Market timing systems are just mechanical systems, they have no emotions. If you look at the Investor's Business Daily market timing system, it is based on number of 1% plus days in 4-7 days. Now when that phenomenon happened sometime mid August lot of people had a emotional reaction. Many imputed motives to IBD calling end of the correction. They were just displaying their emotions and lack of perspective. All that the IBD system does is mathematically it looks at cluster of days. It has no control over when those days will happen.

Same way the Market Monitor is just maths, there is nothing that is going to change because someone wished for another reality.

William O'Neil had a very simple and basic advise in his book " 24 Essential Lessons for Investment Success" :


From your experience , what would you say are the essential steps to successful investing?
If you are an individual investor, whether new or experienced, and you want to make money and perform well investing in common stocks, there are just three key steps you must learn and follow:
  • First you have to develop buying selection rules that let you pick the best stocks.
  • Second you must have rules to take profit and avoid losses.
  • and third you need specific method to tell you when the general market averages are topping and headed down, and when they've finally hit bottom and turned in to new uptrend. That's all you need.

7 comments:

Unknown said...

I call this trade the "stand aside" trade! Doing nothing is trading - it is keeping your powder dry until market confusion has subsided! My question is have you begun using the "Blocks" platform from Worden and which Worden platform do you use?
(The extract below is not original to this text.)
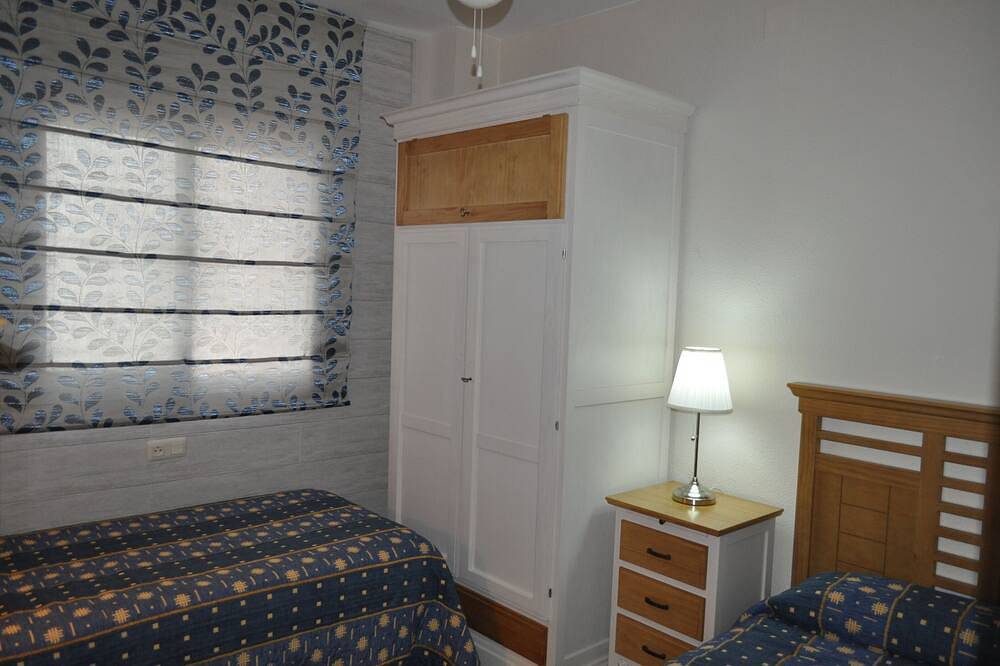 Entire apartment, Apartment Pinares del Portil, Air conditioning & Wifi in Playa Nueva Umbría, El Portil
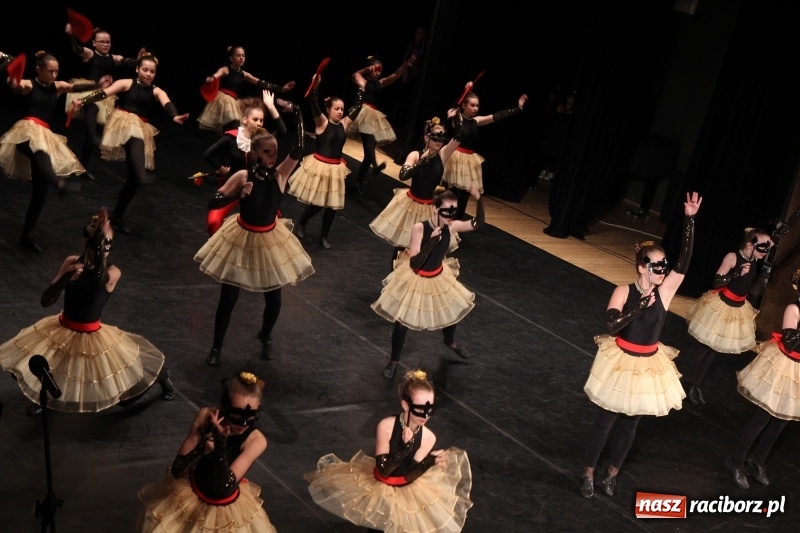 Zdjęcie w galerii na portalu naszraciborz.pl: Taneczne popisy w RCK za sprawą Festiwalu Twórczości Artystycznej wiadomości z regionu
Thank YOU for your work!
Lee

Mkt swimmer said...

Mark Twain and Perma-bears are in my website now. Check with

http://marketswimmer.blogspot.com

Cheers,

Mkt Swimmer

Dan said...

What do you use for back testing strategies?

Anonymous said...

Well said, I couldnt agree more!! Mechanical trading systems are emotionless, in that way you remove what a lot of investors struggle with. You have to find what you are more comfortable with,dont listen to anyone unless they are profitable and positive and have an interest in you to become a better trader/investor, set up your rules to be in and out( the more simpler and easier to understand to you is better)and then learn to trust you, trust your personal system and trust the signal and dont fall in love with the stock, because the stock wont go up forever, theres a time to say 'ADIOS' to the trade and exit to protect your profits. I agree with lee, theres 3 types of trades, upswing trade, downswing trade and the 'do nothing, stand aside' trade' just waiting for the system to tell you buy or sell from your watchlist compiled from the tradable ,best of the best,in this case, IBD 200, EP or whatever you are comfortable with.

'Markets are never wrong, opinions often are' Jesse Livermore
http://hectortrades.blogspot.com/

SANTOSH SHINDE said...

I liked a few stocks from IBD and am planing to invest long term (9-12 months) using leaps. What is your suggestion on this as I am buying a stock based on business and not going for market timings (except 12 months of option expiration)?
This is pure investor play no market timing involved but goinging for good companies based on great fundamental and shopping at nice price.
By the way, what is you short-term & long-term strategy at present?

Pradeep Bonde said...

Lee and David
I use Worden for data rest of my stuff is done in my own custom built software.

Santosh
My approach is trading not investment. My strategy is based on momentum, earnings and neglect.

Jon said...

Couldn't agree more.

Pradeep, do you feel like you're well versed in profitable strategies during low volatility times? Would you ever consider expanding your Idea Pickle Jar to strategies for higher volatility times?

I know that they only come around once a year, but similarly to earnings plays, they can be an extremely profitable time to trade.